- Source records -
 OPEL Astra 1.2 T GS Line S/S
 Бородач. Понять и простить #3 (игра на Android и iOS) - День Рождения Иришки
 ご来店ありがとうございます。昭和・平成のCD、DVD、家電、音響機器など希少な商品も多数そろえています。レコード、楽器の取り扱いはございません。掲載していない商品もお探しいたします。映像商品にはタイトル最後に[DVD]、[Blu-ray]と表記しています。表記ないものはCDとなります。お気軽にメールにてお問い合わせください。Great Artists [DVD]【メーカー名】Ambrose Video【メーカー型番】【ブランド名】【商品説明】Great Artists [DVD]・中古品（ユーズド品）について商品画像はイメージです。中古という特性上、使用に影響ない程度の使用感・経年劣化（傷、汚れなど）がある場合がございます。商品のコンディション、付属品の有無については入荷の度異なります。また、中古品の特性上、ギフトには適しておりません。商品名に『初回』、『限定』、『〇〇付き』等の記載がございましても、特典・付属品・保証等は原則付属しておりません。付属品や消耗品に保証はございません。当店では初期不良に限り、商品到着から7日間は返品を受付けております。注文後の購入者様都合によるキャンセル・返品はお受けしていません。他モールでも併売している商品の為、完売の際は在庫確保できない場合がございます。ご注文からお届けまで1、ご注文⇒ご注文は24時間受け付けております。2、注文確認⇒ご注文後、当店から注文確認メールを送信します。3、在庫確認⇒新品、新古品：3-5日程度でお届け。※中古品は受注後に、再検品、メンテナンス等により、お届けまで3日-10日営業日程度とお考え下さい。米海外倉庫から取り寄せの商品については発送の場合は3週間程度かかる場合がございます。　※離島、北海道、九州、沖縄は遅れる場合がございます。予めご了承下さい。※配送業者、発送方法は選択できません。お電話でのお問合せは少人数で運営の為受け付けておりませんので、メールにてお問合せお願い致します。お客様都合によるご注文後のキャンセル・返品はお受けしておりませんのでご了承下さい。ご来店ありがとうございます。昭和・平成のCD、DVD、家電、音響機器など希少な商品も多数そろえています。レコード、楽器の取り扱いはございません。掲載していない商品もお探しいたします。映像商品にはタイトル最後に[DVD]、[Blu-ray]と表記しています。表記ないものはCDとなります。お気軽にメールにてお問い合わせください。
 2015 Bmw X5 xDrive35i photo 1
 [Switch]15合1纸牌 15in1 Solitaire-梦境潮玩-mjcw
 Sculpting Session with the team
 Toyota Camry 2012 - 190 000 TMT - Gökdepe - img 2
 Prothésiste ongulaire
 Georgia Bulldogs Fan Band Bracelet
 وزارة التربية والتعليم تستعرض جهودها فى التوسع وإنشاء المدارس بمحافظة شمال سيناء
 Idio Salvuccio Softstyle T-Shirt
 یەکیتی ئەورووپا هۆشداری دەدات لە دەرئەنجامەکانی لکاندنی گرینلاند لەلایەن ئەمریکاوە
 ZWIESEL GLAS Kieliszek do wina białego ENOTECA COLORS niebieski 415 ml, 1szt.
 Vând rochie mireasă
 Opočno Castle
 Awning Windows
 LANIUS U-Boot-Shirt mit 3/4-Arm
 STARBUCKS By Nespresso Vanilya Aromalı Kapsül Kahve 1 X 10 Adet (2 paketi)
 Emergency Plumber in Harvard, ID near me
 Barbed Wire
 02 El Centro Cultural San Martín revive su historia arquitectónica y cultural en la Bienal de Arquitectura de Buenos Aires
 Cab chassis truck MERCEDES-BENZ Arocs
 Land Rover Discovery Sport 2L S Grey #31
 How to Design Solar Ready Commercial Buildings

- Problem -
Report all lines above with "Shirt".

- Task solution -
 Idio Salvuccio Softstyle T-Shirt
 LANIUS U-Boot-Shirt mit 3/4-Arm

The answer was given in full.